In findings with potentially broad implications for the public’s health, new research has found that some women who treat their high blood pressure with a class of drugs that relaxes the blood vessels were more likely to develop pancreatic cancer than those who use other hypertension medications.
In a large and intensively studied group of middle-aged and older women, the risk of developing pancreatic cancer was more than twice as high for those who took a short-acting calcium channel blocker for more than three years.
Examples of short-acting calcium channel blockers (and the commercial names by which they’re marketed) include nifedipine (Adalat and Procardia), nicardipine (Cardene), isradipine (DynaCirc), diltiazem (Cardizem, Cartia and Dilacor) and verapamil (Calan, Covera, Isoptin and Verelan).
Study participants who took extended-release formulations of a calcium channel blocker also saw a modest 12 percent increase in their pancreatic cancer risk relative to those who took a beta blocker, diuretic or ACE inhibitor.

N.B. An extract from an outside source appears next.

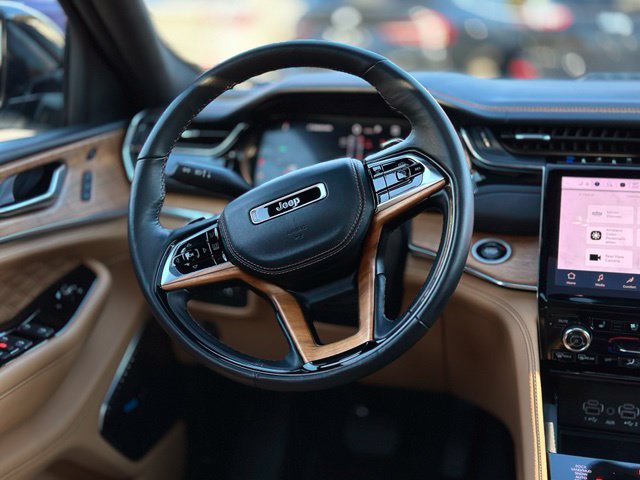 Used 2023 Jeep Grand Cherokee Summit AWD/4WD image 18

Pancreatic cancer is the fourth-leading cause of cancer-related deaths in the United States, and is most often diagnosed once it has reached advanced stages. While immunotherapy and other advances in cancer care promise new treatments for this malignancy, survival rates have scarcely budged since 1975. It is expected to kill 44,330 Americans in 2018, according to the American Cancer Society.

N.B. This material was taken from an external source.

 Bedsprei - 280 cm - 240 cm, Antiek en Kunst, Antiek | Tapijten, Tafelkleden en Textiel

In this study, 145,551 postmenopausal women were followed for close to 14 years, on average. In this group, 841 women were diagnosed with pancreatic cancer.
Among the 4,338 women who had taken a short-acting calcium channel blocker for high blood pressure, 45 (or about 1 percent) were diagnosed with pancreatic cancer. In the group of 36,594 women who took a beta blocker, diuretic or angiotensin converting enzyme, or ACE, inhibitor, 212 (or 0.57 percent) developed pancreatic cancer.
After adjusting for a variety of factors, the researchers judged that those taking the short-acting calcium channel blocker increased their risk of developing the malignancy by 107 percent over those who took other hypertension drugs.